File systems in Linux and Unix-like operating systems, such as macOS, can be mounted, mounted and re-mounted with the terminal. This is a powerful and versatile tool – here you will find everything you need to know.

The Linux File System

The file systems on Linux, macOS, and other Unix-like operating systems do not use separate disk storage device identifiers in the way that Windows does, for example. Windows assigns a drive letter such as C: or D: to each volume, and the file system for each volume is a directory tree that is under that drive letter.

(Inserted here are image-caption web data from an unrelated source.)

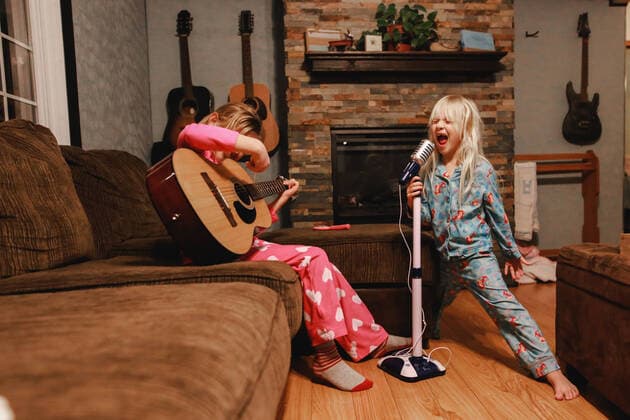 IMAGO Creative: Digitale Welt, Verzicht auf Technologie Young girls singing loudly and playing guitar in living room Windsor, ON, Canada ,model released, Symbolfoto CR_JEOH200327-323897-01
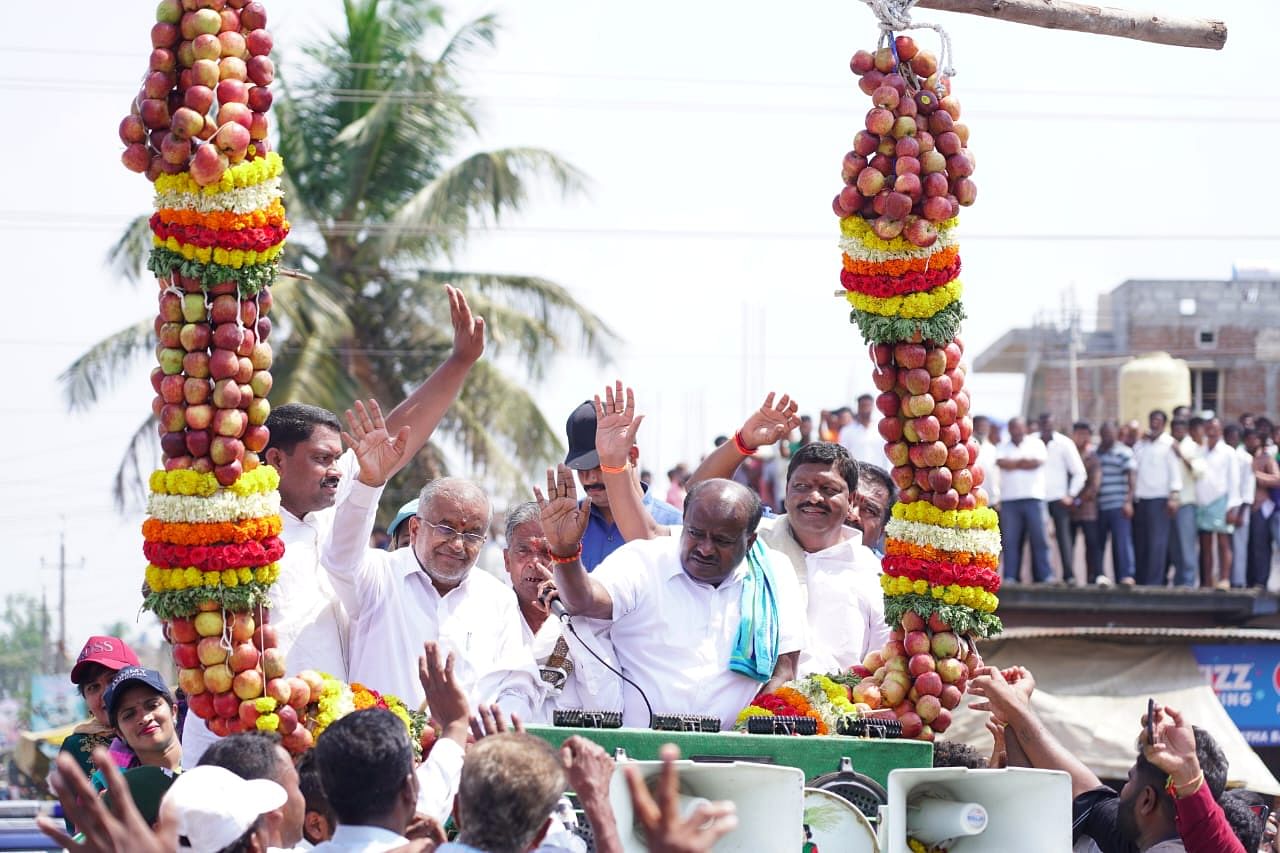 ಮೈಸೂರು ಜಿಲ್ಲೆ ಪಿರಿಯಾಪಟ್ಟಣ ತಾಲ್ಲೂಕಿನ ಕಂಪಲಾಪುರದಲ್ಲಿ ಜೆಡಿಎಸ್ ಶಾಸಕಾಂಗ ಪಕ್ಷದ ನಾಯಕ ಎಚ್‌.ಡಿ.ಕುಮಾರಸ್ವಾಮಿ ಪಂಚರತ್ನ ಯಾತ್ರೆ ನಡೆಸಿದರು. ಶಾಸಕ ಜಿ.ಟಿ.ದೇವೇಗೌಡ, ಕ್ಷೇತ್ರದ ಅಭ್ಯರ್ಥಿಯೂ ಆಗಿರುವ ಶಾಸಕ ಕೆ.ಮಹದೇವ್ ಇದ್ದಾರೆ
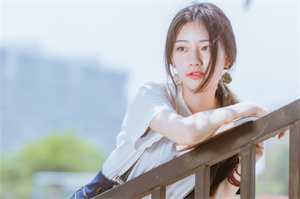 上海品茶网：The lakes, lawns, and flower beds in the garden reflect each other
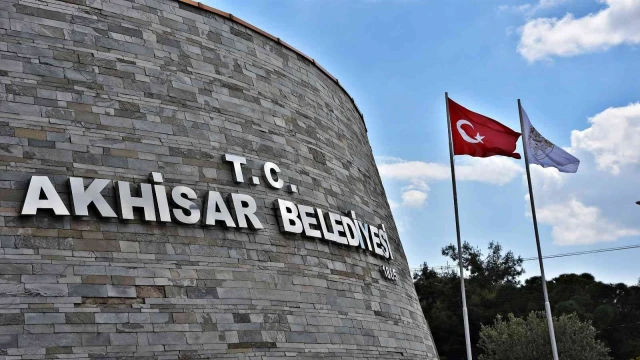 CHP’li Akhisar Belediyesi icralık oldu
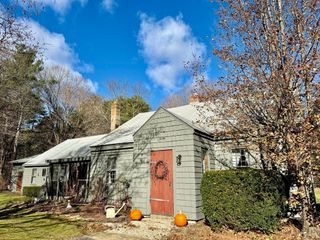285 Brookfield Rd, Sturbridge, MA 01518
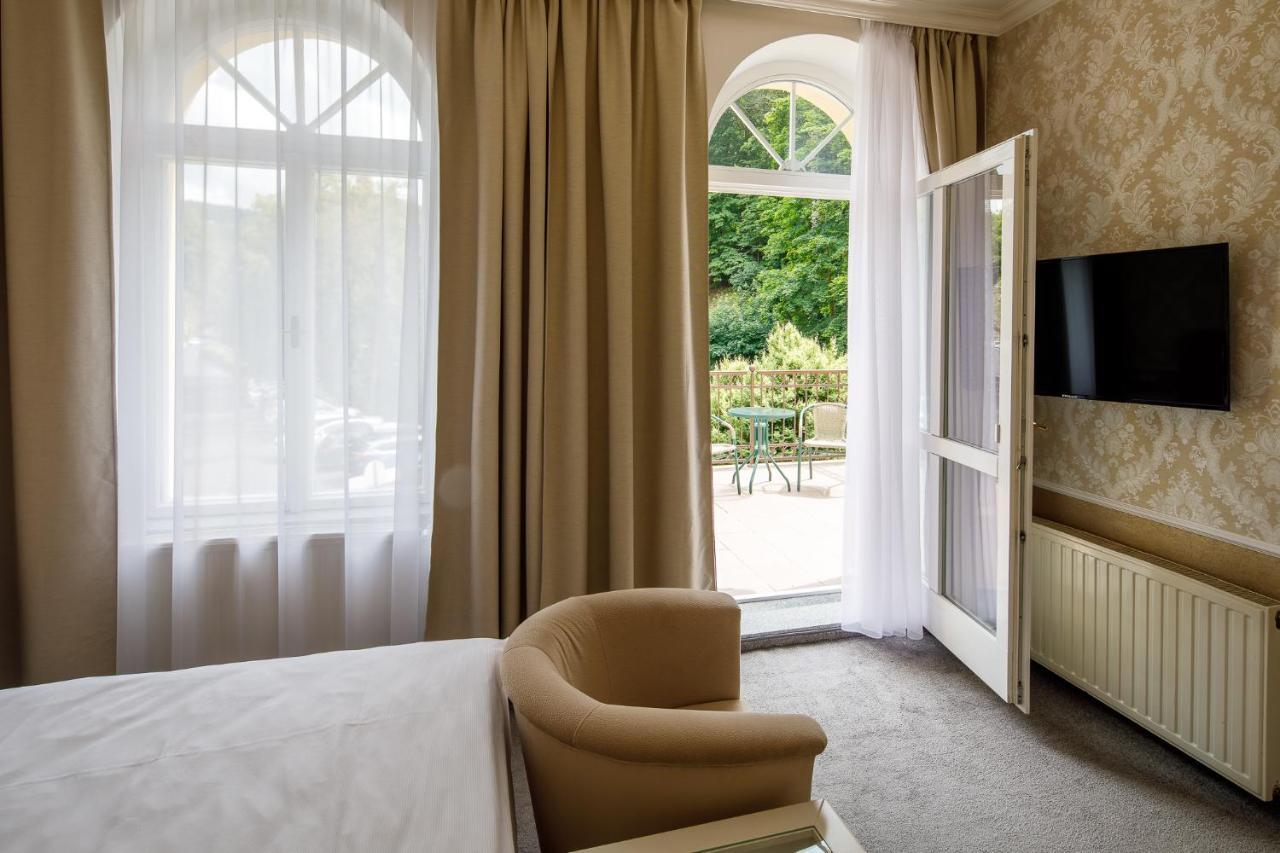 Villa Basileia Riverside Карлови Вари Екстериор снимка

On Linux, the file system is an all-in-one directory tree. The file system of a mounted storage device is grafted onto this tree, so it appears to be an integral part of a contiguous file system. The newly mounted file system can be accessed from the directory to which it is mounted. This directory is called the mount point for this file system.

Many file systems are automatically mounted as a storage volume at boot time or during operation, and are connected to the computer at runtime. Careful system administrators can disable the auto-provisioning features at runtime to control connections to the system.

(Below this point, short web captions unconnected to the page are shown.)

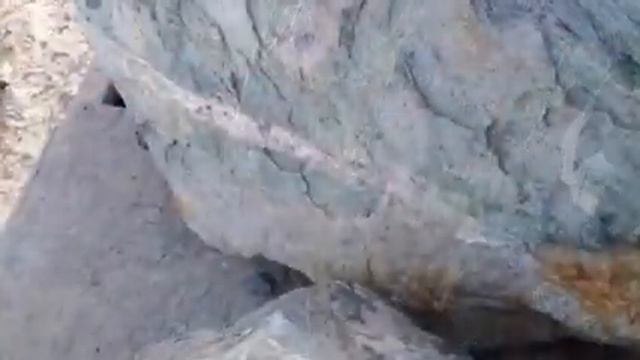 Валуны разных пород. Змеевик, яшма, кварцит, и многое другое смотреть онлайн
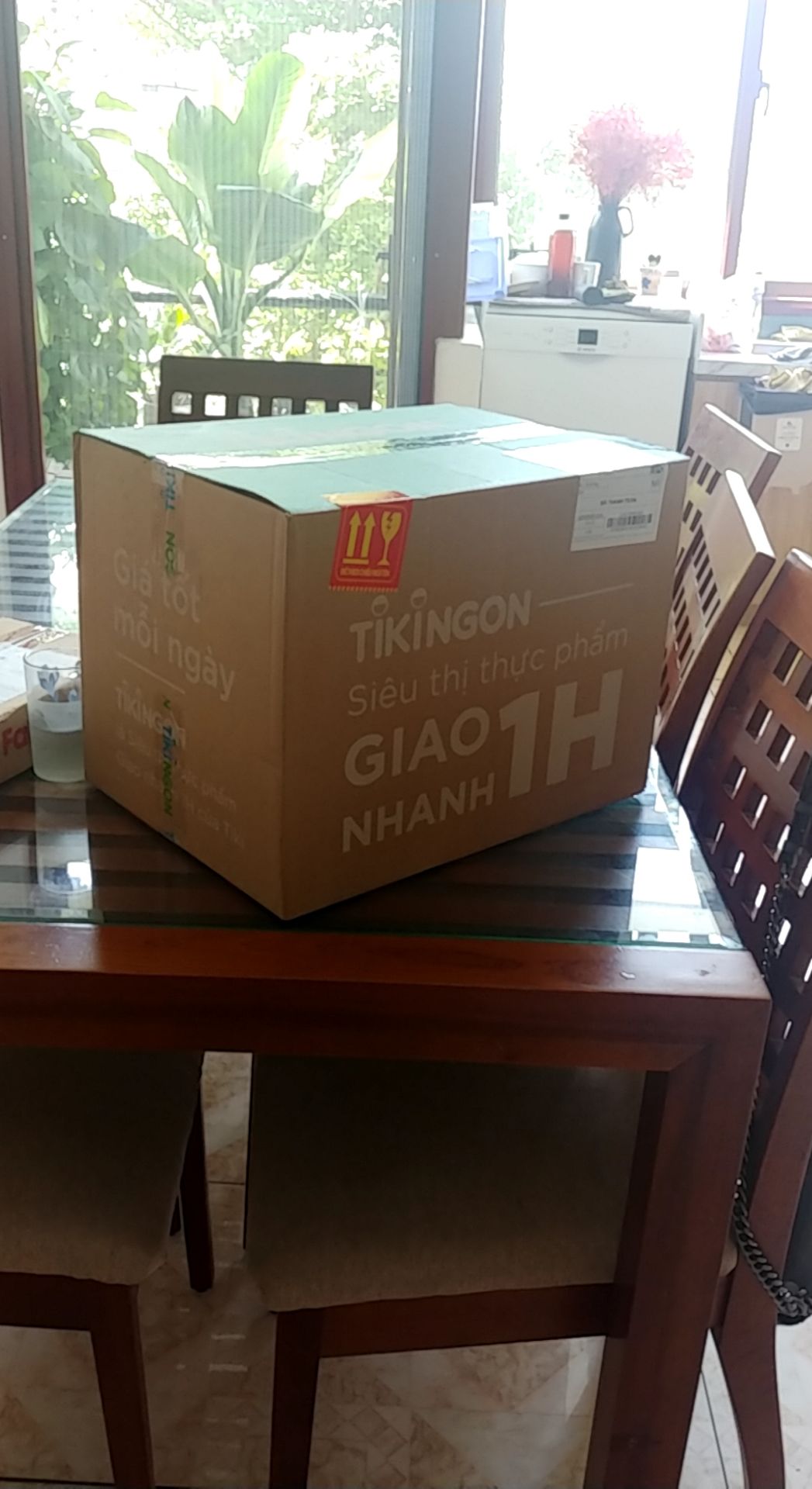 Shop không có sách nhưng vẫn giao hàng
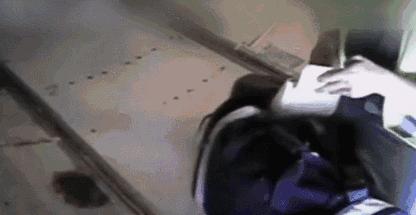 美女血拼五个Coach包带回国,然而,打开行李的一瞬间,啥都没了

This means that storage devices connected at runtime may not be deployed automatically and must be provisioned manually. If you deploy a file system manually, you can make decisions about that file system, such as: For example, where the mount point is and whether the file system should be read-only or read-only.

Whether or not This is Not Required You can use the commands mount umount and remount to control this important aspect of your Linux system.

Query your file system mount

Mount has a lot of options, but listing all mounted filesystems on your computer does not require any options at all. Just enter mount and press Enter:

 mount command in a terminal window

mount lists all the associated file systems in the terminal window.

 Output from mount in a terminal window.

It can be difficult to search this snapshot with data to find what you are looking for.

You can refine the output by listing mount to list only the filesystems that are of interest to you. The option -t (type) tells mount which type of file system to report.

  mount -t tmpfs 
  mount -t ext4 

  mount with the -t option in a terminal window

As an example, we have requested mount only tmpfs file systems. We get a much more manageable edition.

A tmpfs file system appears like a regular mounted file system, but is actually stored in a volatile memory – the -tmp stands for temporary – instead of on a persistent storage device.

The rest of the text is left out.